### Problem details
Could you reproduce the lines below from the one with "Strength of character" through the one with "ปกนิยาย Black coffee, You"? Keep both ends and add nothing.

### Source data
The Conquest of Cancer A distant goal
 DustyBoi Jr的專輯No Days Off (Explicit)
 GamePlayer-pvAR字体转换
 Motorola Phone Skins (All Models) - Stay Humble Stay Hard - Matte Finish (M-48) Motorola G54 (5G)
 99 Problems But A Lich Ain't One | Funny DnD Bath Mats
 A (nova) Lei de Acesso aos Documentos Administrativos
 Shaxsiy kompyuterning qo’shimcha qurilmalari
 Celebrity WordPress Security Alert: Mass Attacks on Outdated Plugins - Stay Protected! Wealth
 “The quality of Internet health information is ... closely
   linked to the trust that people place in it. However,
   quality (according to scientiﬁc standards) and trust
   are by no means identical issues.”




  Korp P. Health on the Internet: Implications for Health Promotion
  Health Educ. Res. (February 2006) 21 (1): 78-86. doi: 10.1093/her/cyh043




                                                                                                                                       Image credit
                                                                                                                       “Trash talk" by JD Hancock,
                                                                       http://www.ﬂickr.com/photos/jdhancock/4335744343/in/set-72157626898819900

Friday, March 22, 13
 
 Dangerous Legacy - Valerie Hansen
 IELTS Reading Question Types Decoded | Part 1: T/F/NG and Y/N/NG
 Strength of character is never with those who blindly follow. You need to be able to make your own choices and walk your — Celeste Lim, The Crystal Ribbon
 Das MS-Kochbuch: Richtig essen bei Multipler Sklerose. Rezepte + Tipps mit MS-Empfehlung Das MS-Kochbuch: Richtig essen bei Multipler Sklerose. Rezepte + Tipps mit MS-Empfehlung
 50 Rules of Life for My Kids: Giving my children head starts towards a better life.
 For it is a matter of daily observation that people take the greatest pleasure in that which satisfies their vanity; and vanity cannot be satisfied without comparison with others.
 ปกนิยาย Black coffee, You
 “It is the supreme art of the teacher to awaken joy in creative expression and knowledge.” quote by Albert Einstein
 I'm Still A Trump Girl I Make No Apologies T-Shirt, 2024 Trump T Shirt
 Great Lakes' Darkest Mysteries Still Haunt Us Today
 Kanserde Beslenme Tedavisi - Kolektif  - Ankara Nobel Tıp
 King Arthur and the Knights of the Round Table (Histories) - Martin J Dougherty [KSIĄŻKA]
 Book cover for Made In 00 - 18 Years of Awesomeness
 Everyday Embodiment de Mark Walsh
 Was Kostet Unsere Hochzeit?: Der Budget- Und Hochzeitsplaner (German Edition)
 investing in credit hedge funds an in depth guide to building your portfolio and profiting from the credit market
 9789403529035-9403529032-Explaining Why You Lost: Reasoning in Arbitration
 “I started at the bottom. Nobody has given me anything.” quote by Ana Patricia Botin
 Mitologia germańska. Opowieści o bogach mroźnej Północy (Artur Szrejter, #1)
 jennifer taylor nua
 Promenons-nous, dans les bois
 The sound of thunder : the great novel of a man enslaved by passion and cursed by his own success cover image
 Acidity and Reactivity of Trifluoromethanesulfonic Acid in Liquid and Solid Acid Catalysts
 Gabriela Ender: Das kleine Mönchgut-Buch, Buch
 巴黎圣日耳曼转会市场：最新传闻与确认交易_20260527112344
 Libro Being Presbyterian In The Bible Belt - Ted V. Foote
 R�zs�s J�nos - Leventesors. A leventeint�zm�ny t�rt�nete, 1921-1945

### Task answer
 Strength of character is never with those who blindly follow. You need to be able to make your own choices and walk your — Celeste Lim, The Crystal Ribbon
 Das MS-Kochbuch: Richtig essen bei Multipler Sklerose. Rezepte + Tipps mit MS-Empfehlung Das MS-Kochbuch: Richtig essen bei Multipler Sklerose. Rezepte + Tipps mit MS-Empfehlung
 50 Rules of Life for My Kids: Giving my children head starts towards a better life.
 For it is a matter of daily observation that people take the greatest pleasure in that which satisfies their vanity; and vanity cannot be satisfied without comparison with others.
 ปกนิยาย Black coffee, You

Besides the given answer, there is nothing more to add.